PROBLEM STATEMENT =
Return, with both end lines included, exactly what the data below holds from the line with "Kimura's Cabin 5Pcs" through the line with "Fastrack Pop Sling", though not the pictures.

MATERIALS PROVIDED =

────────

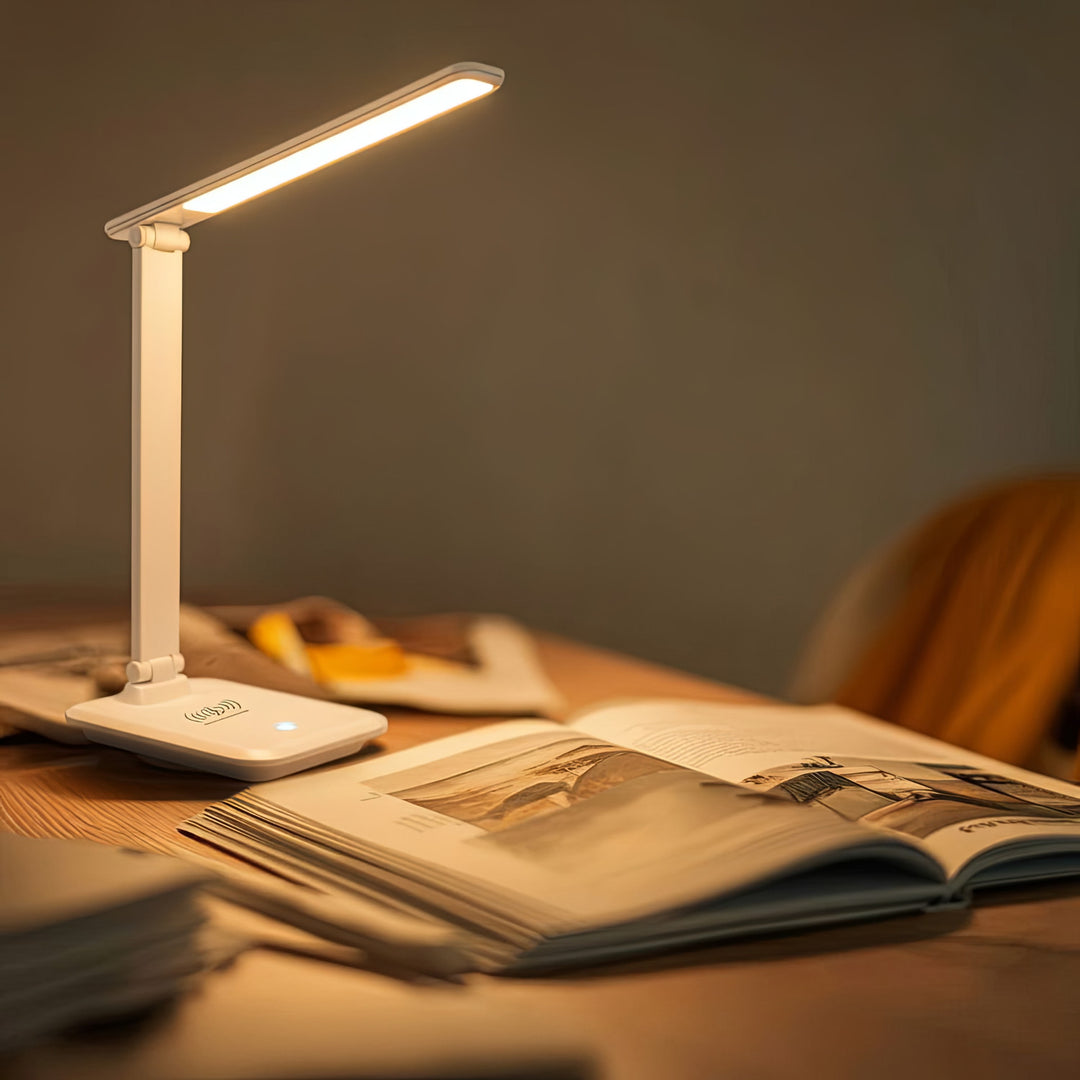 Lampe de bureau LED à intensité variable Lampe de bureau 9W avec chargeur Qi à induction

────────

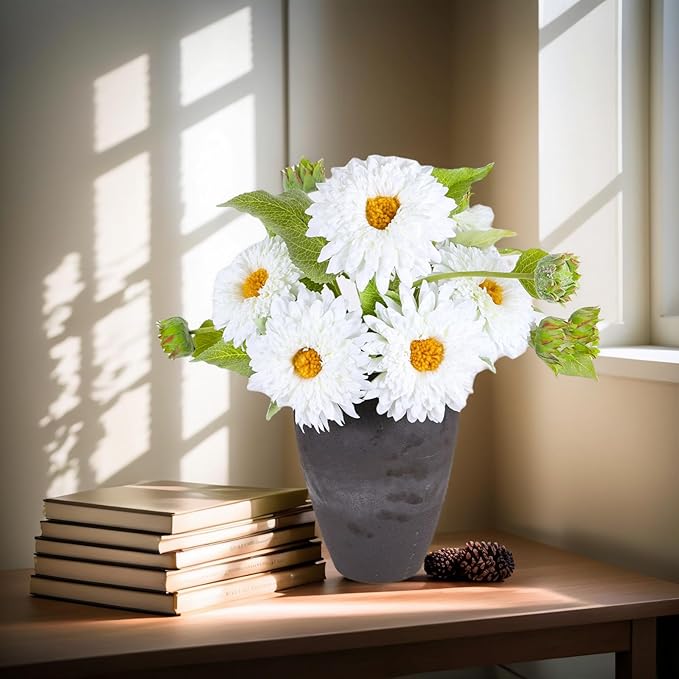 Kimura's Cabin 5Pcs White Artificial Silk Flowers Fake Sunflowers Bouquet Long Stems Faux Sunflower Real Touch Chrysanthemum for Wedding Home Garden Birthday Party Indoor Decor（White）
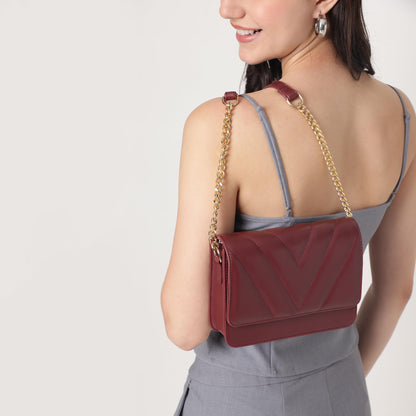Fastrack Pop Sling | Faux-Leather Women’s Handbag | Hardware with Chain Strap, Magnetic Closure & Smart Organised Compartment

────────

RESULT =
 Kimura's Cabin 5Pcs White Artificial Silk Flowers Fake Sunflowers Bouquet Long Stems Faux Sunflower Real Touch Chrysanthemum for Wedding Home Garden Birthday Party Indoor Decor（White）
Fastrack Pop Sling | Faux-Leather Women’s Handbag | Hardware with Chain Strap, Magnetic Closure & Smart Organised Compartment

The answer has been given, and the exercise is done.